YOUR INSTRUCTIONS: Leave out the pictures, and copy exactly the lines from the line with "2024电力专业技术年度总结_第2页" through the last line of the data below.

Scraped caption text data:
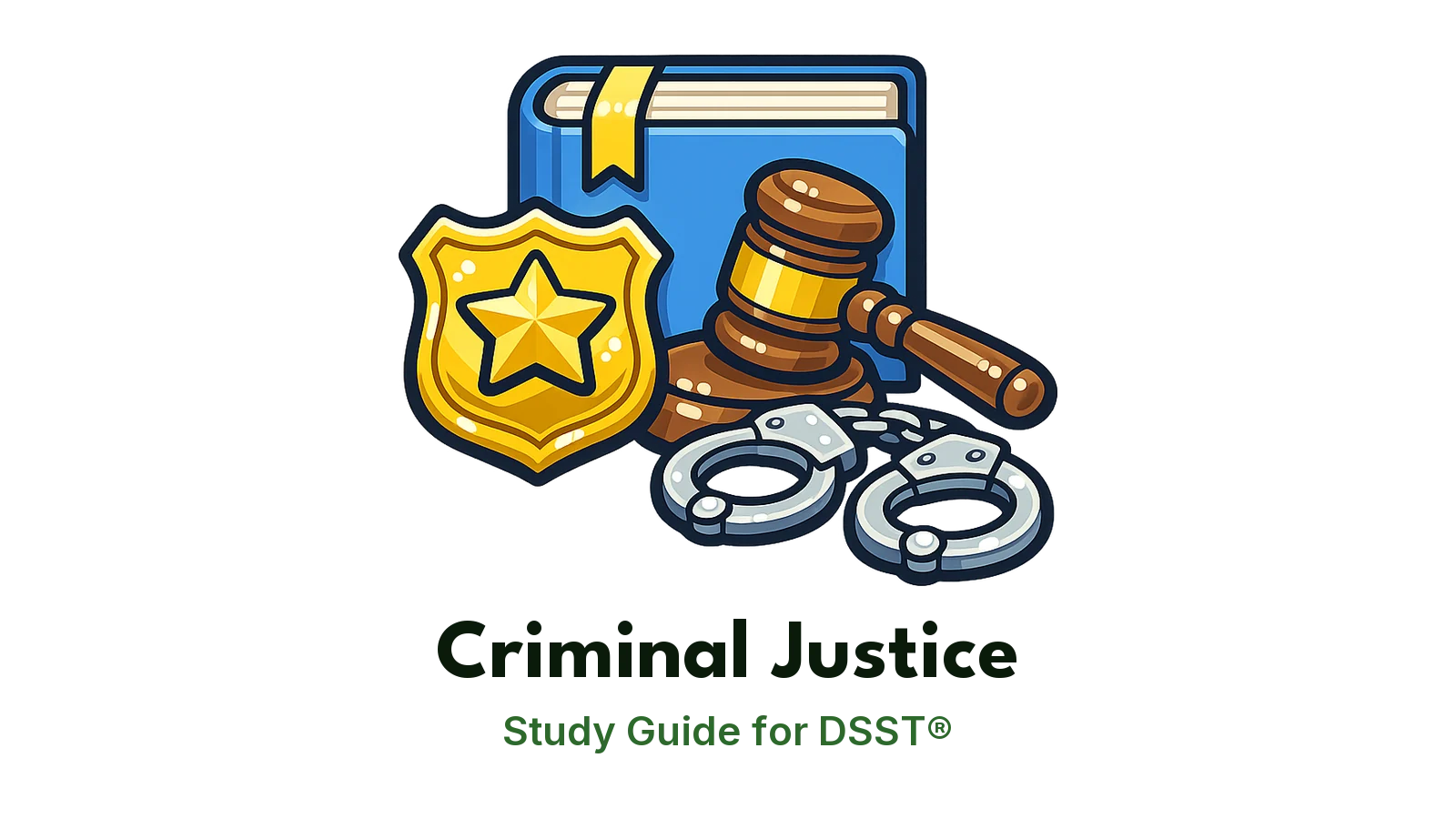 DSST Criminal Justice study guide: illustration of a badge, a gavel and handcuffs in front of a study booklet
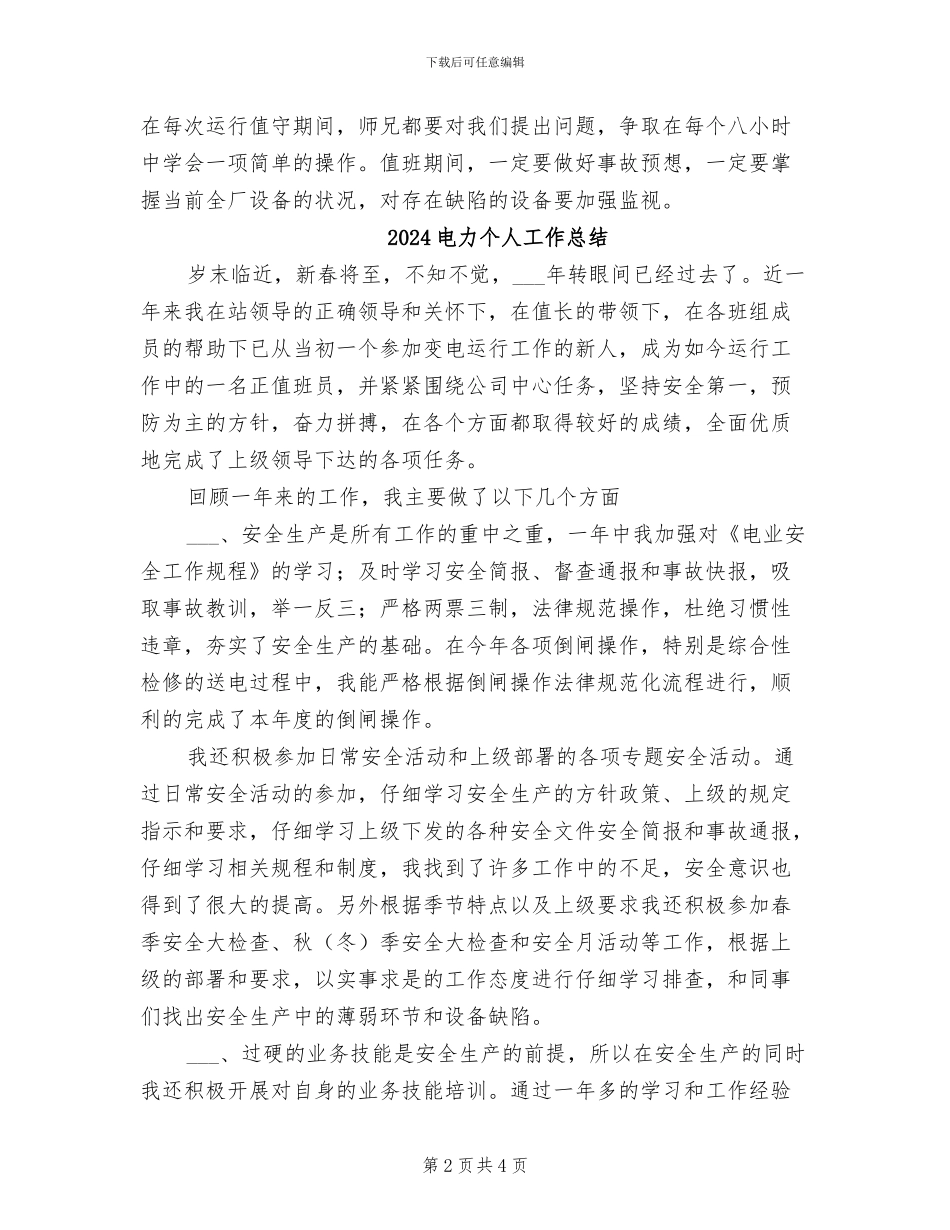 2024电力专业技术年度总结_第2页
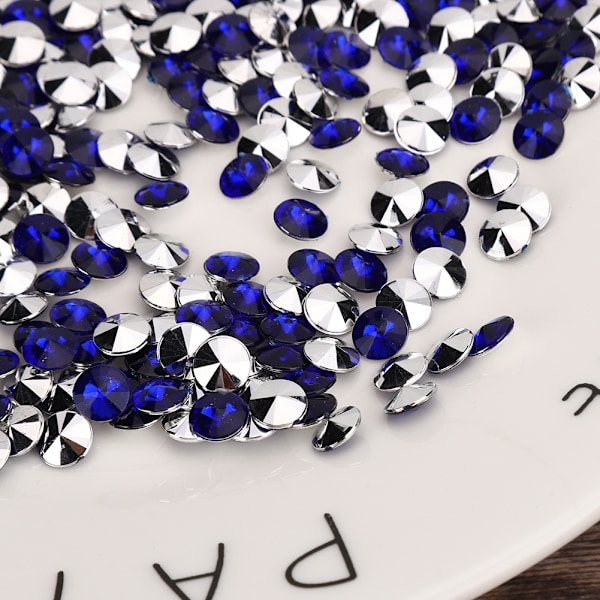 1000 st 8 mm Strass Stenar Silverpläterad Botten Akryl Diamant för Bröllop DIY Naglar Skönhet Dekoration Royalblå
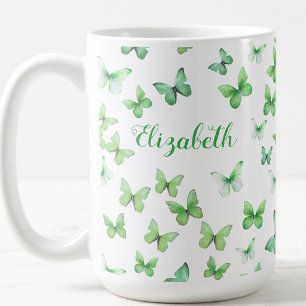 Papillons Verts Joliment Personnalisés Tasse Café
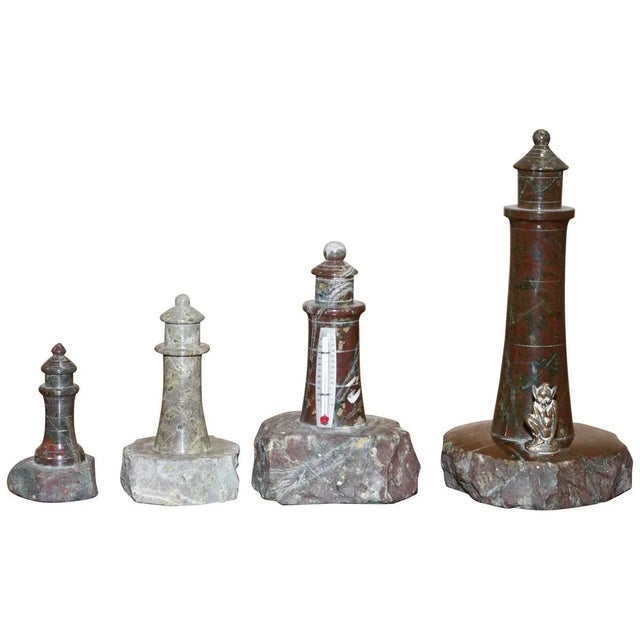 Antique Small Solid Marble Statues of Lighthouses, Set of 4 For Sale - Image 17 of 17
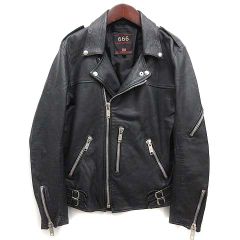 666 トリプルシックス レザー ダブルライダースジャケット ブラック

EXERCISE RESPONSE:
 2024电力专业技术年度总结_第2页
 1000 st 8 mm Strass Stenar Silverpläterad Botten Akryl Diamant för Bröllop DIY Naglar Skönhet Dekoration Royalblå
 Papillons Verts Joliment Personnalisés Tasse Café
 Antique Small Solid Marble Statues of Lighthouses, Set of 4 For Sale - Image 17 of 17
 666 トリプルシックス レザー ダブルライダースジャケット ブラック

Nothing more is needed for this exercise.